Beth Crittenden: Hello everyone. Welcome back to “A taste of sex: Guest speaker interviews”. This is your host Beth Crittenden coming to you from One taste urban retreat centre and we’re here today with Lee Harrington who’s visiting us to teach a workshop on sexual rope bondage for the female form, that we’re really looking forward to. So we were talking a little bit before the show about your relationship with passion and your passion for passion so let’s hear about that.
Lee Harrington: Indeed. I’ve had websites on the internet for years and years and years, most of them as an adult film actor, then as a photographer, then I had educational sites and all this different stuff. And a friend of mine said, “Well, you need to get one catch-all site. One … so that everybody can go to and be able to feed it off”. And it made me sit down and think – what are the themes that run through all of my work whether its as an artist, whether its as a model, whether its as an educator. What are the things that keep coming up? And I realized that throughout my entire life one of the themes that keeps coming up is passion.
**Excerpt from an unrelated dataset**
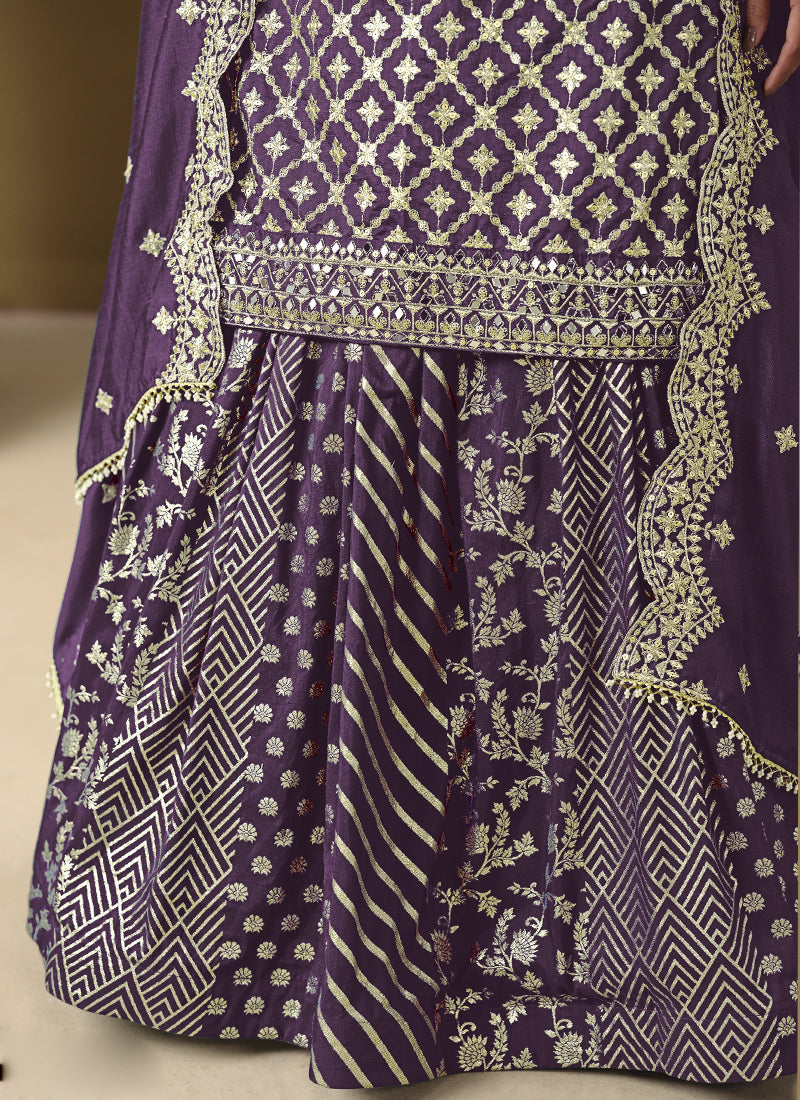 Vegaa Fashion Purple Art Silk Embroidered Lehenga Style Suit | Grocsy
I would rather spend six hours stuck in a room talking to somebody about the history of quantum physics, evolution of theory even if I know nothing about it. I’d rather spend six hours doing that than have an interesting conversation about … [sarcastically] “What are you into?” I did a lot of this in my life of people who have this perception - and it’s not just my life, people that I’ve met all over the world – where there’s this perception that we have to have this …well, one for you and one for me, whether its orgasms or bites of an ice cream bar or profit sharing, whatever it is and to me, that’s so “benow” [sp] I would rather live in a world where people are pursuing their own individual passions fully, heartfeltly with every chord inch of their being and if the places that we happen to intersect with our partners, whether our partners are our husbands, wives and girlfriends/boyfriends, you know…life mates, soul mates, or whether these are people or partners that will cross along our parole professionally. I’d rather have each person and seem…meet people who are all fulfilled with their own personal passions and if I get to share that joy with them, piece here or piece there, that’s more fulfilling to me than having to be glued along one road with one person the entire life journey because all of us who ebb and flow throughout our passions and throughout all things that we do, and I’d rather share those places where it naturally intersects with people rather than forcing it down one specific road.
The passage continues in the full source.